Note: The project is under active development. The build tooling and example config described below are planned as part of Phase 1 (see docs/PLAN.md) and are not yet available in the repository.
Once Phase 1 is complete, the intended workflow will be:
-
Create a GitHub OAuth App and note the client ID / secret.
-
Create a config file based on the Configuration section below and fill in your values.
-
Build and run:
make build ./dev-console --config dev-console.yaml
-
Open
http://localhost:8080in a browser, sign in with GitHub, and pick a workspace.
# dev-console.yaml
server:
listenAddr: ":8080"
tls:
certFile: "/etc/dev-console/tls.crt"
keyFile: "/etc/dev-console/tls.key"
auth:
github:
clientId: "YOUR_GITHUB_CLIENT_ID"
clientSecret: "${GITHUB_CLIENT_SECRET}"
callbackUrl: "https://console.example.com/callback"
allowedGithubUsers:
- "alice"
sessionSecret: "${SESSION_SECRET}"
sessionTtl: "24h"
llm:
provider: "openai" # openai | anthropic | ollama
apiKey: "${OPENAI_API_KEY}"
model: "gpt-4o"
allowedCommands:
- "go"
- "npm"
- "make"
- "git"
workspaces:
- id: "my-project"
name: "My Project"
rootPath: "/srv/workspaces/my-project"Secrets are read from environment variables and are never stored in the config file or logged.

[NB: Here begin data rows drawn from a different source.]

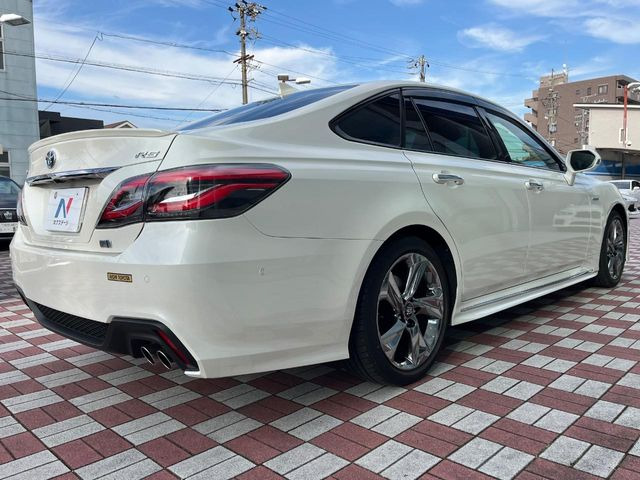 ���S���̃l�N�X�e�[�W���炨���񂹂��\��!�����̓X�܂ɓW�����Ă���N���}���C�ɂȂ�ꍇ���A�Ŋ��̓X�܂ł��������������Ƃ��\�ł�!���񎄂����ɗv�]������������������!���ʓr��p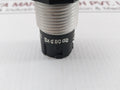 Sermatex Push Button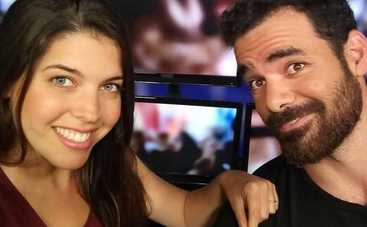 Семейная жизнь в комиксах: а у вас не так?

The Makefile-based workflow (make dev, make test, make build) described
in the design and planning documents is not yet implemented in this
repository. Until a Makefile is added, please refer to the project-specific
setup and run instructions (and docs/PLAN.md) for the current
development, testing, and build process.
The site/ directory contains a Hugo static site built
from the docs above, deployable to either
Cloudflare Pages or
Cloudflare Workers.
make site-serve # serve locally with live reload
make site-build # build static output to site/public/Connect the repository to Cloudflare Pages via the dashboard and set these
build settings (root directory: site):
| Setting | Value |
|---|---|
| Build command | hugo --minify |
| Build output directory | public |
HUGO_VERSION |
0.146.0 |
The root wrangler.toml configures the site for deployment as a
Cloudflare Worker with Static Assets.
This approach gives you full Workers programmability on top of the static site
if needed in the future.
Prerequisites:
npm install -g wrangler # install the Wrangler CLI
wrangler login # authenticate with your Cloudflare accountDeploy:
wrangler deploy # builds the site and publishes the WorkerWrangler runs make site-build (configured in wrangler.toml) before
uploading, so no separate build step is needed. On first deploy, Wrangler
creates the Worker in your Cloudflare account using the name defined in
wrangler.toml (dev-console-site). Subsequent wrangler deploy calls
update the existing deployment.
To preview the Worker locally before deploying:
wrangler devSee docs/PLAN.md for the full phased implementation plan and docs/DESIGN.md for the complete product design document.
| Phase | Goal |
|---|---|
| 1 | Minimal E2E terminal (auth + workspace + PTY + React shell) |
| 2 | File browsing (tree + viewer) |
| 3 | Basic agent chat (read-only tools) |
| 4 | Change proposal & diff review |
| 5 | Full agent toolset + manual file editor |
| 6 | Polish, PWA, TLS, observability |
- All routes require a valid GitHub OAuth session.
- File paths are validated against the workspace root to prevent path traversal.
- Agent
run_commandcalls are restricted to an operator-configured allowlist. - TLS is terminated by the server (cert/key config) or a reverse proxy.
- Secrets are passed via environment variables, never in config files.
See docs/DESIGN.md § Security Considerations for the full threat model.
This project is licensed under the MIT License.